* [Exercise description] Each line of the listing below must be set down exactly.

* [Provided material]
□ □ □ □

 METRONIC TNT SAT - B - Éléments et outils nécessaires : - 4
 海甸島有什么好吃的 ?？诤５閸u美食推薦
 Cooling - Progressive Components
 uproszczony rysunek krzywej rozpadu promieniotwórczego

□ □ □ □

* [Output of the exercise]
 METRONIC TNT SAT - B - Éléments et outils nécessaires : - 4
 海甸島有什么好吃的 ?？诤５閸u美食推薦
 Cooling - Progressive Components
 uproszczony rysunek krzywej rozpadu promieniotwórczego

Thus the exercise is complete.